> [What is expected] Your response is a verbatim copy of the listing, stripped of its images.

> [Dataset content]
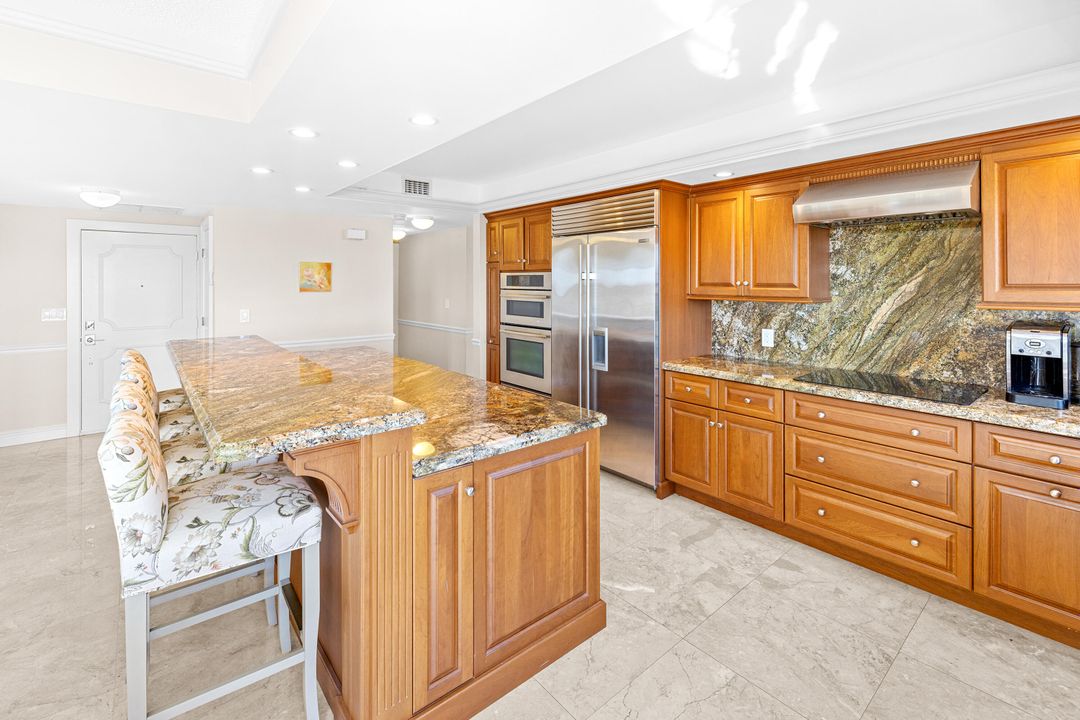 For Sale: $899,000 (2 beds, 2 baths, 1578 Square Feet)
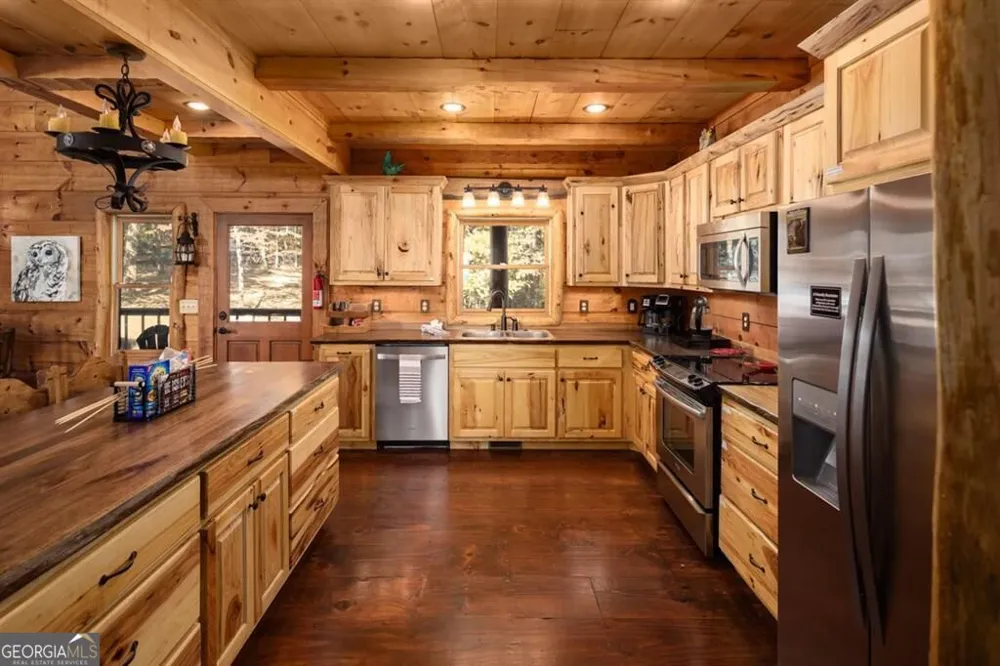 3049 Tray Mountain RD Sautee Nacoochee, GA 30157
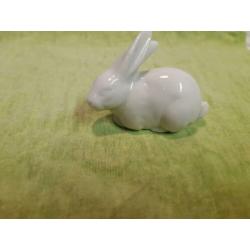 Mini beeldjes--nieuw--wit porselijn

> [Problem solution]
 For Sale: $899,000 (2 beds, 2 baths, 1578 Square Feet)
 3049 Tray Mountain RD Sautee Nacoochee, GA 30157
 Mini beeldjes--nieuw--wit porselijn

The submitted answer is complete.